Parallel Computer Classes:
            Keep in mind the classification given below are not mutually exclusive.
Multicore computing:
A multicore processor is a processor that includes multiple execution units ("cores") on the same chip. These processors differ from superscalar processors, which can issue multiple instructions per cycle from one instruction stream (thread); in contrast, a multicore processor can issue multiple instructions per cycle from multiple instruction streams. Each core in a multicore processor can potentially be superscalar as well—that is, on every cycle, each core can issue multiple instructions from one instruction stream. Simultaneous multithreading (of which Intel's HyperThreading is the best known) was an early form of pseudo-multicoreism. A processor capable of simultaneous multithreading has only one execution unit ("core"), but when that execution unit is idling (such as during a cache miss), it uses that execution unit to process a second thread. IBM's Cell microprocessor, designed for use in the Sony PlayStation 3, is another prominent multicore processor.
Symmetric multiprocessing:
A symmetric multiprocessor (SMP) is a computer system with multiple identical processors that share memory and connect via a bus. Bus contention prevents bus architectures from scaling. As a result, SMPs generally do not comprise more than 32 processors. "Because of the small size of the processors and the significant reduction in the requirements for bus bandwidth achieved by large caches, such symmetric multiprocessors are extremely cost-effective, provided that a sufficient amount of memory bandwidth exists."
Distributed computing:
A distributed computer (also known as a distributed memory multiprocessor) is a distributed memory computer system in which the processing elements are connected by a network. Distributed computers are highly scalable.
Cluster computing
A cluster is a group of loosely coupled computers that work together closely, so that in some respects they can be regarded as a single computer. Clusters are composed of multiple standalone machines connected by a network. While machines in a cluster do not have to be symmetric, load balancing is more difficult if they are not. The most common type of cluster is the Beowulf cluster, which is a cluster implemented on multiple identical commercial off-the-shelf computers connected with a TCP/IP Ethernet local area network. Beowulf technology was originally developed by Thomas Sterling and Donald Becker. The vast majority of the TOP500 supercomputers are clusters.
Massive parallel processing
A massively parallel processor (MPP) is a single computer with many networked processors. MPPs have many of the same characteristics as clusters, but MPPs have specialized interconnect networks (whereas clusters use commodity hardware for networking). MPPs also tend to be larger than clusters, typically having "far more" than 100 processors. In an MPP, "each CPU contains its own memory and copy of the operating system and application. Each subsystem communicates with the others via a high-speed interconnect.”

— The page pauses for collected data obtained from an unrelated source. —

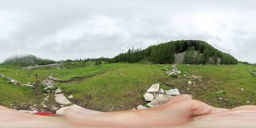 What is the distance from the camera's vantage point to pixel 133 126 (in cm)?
47

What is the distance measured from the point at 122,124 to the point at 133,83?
1124 cm

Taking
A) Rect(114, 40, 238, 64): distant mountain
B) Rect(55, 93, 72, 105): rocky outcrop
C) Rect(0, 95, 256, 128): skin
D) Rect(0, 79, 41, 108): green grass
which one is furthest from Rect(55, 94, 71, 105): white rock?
Rect(114, 40, 238, 64): distant mountain

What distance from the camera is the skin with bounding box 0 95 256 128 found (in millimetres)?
462

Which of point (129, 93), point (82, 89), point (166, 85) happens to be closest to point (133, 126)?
point (129, 93)

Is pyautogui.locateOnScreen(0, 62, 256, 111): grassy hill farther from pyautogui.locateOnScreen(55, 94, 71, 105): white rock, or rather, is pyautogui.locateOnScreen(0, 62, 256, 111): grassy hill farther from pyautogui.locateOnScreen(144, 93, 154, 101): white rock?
pyautogui.locateOnScreen(55, 94, 71, 105): white rock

Blue Gene/L, the fifth fastest supercomputer in the world according to the June 2009 TOP500 ranking, is an MPP.
Grid computing
Distributed computing is the most distributed form of parallel computing. It makes use of computers communicating over the Internet to work on a given problem. Because of the low bandwidth and extremely high latency available on the Internet, distributed computing typically deals only with embarrassingly parallel problems. Many distributed computing applications have been created, of which SETI@home and Folding@home are the best-known examples. Most grid computing applications use middleware, software that sits between the operating system and the application to manage network resources and standardize the software interface. The most common distributed computing middleware is the Berkeley Open Infrastructure for Network Computing (BOINC). Often, distributed computing software makes use of "spare cycles", performing computations at times when a computer is idling.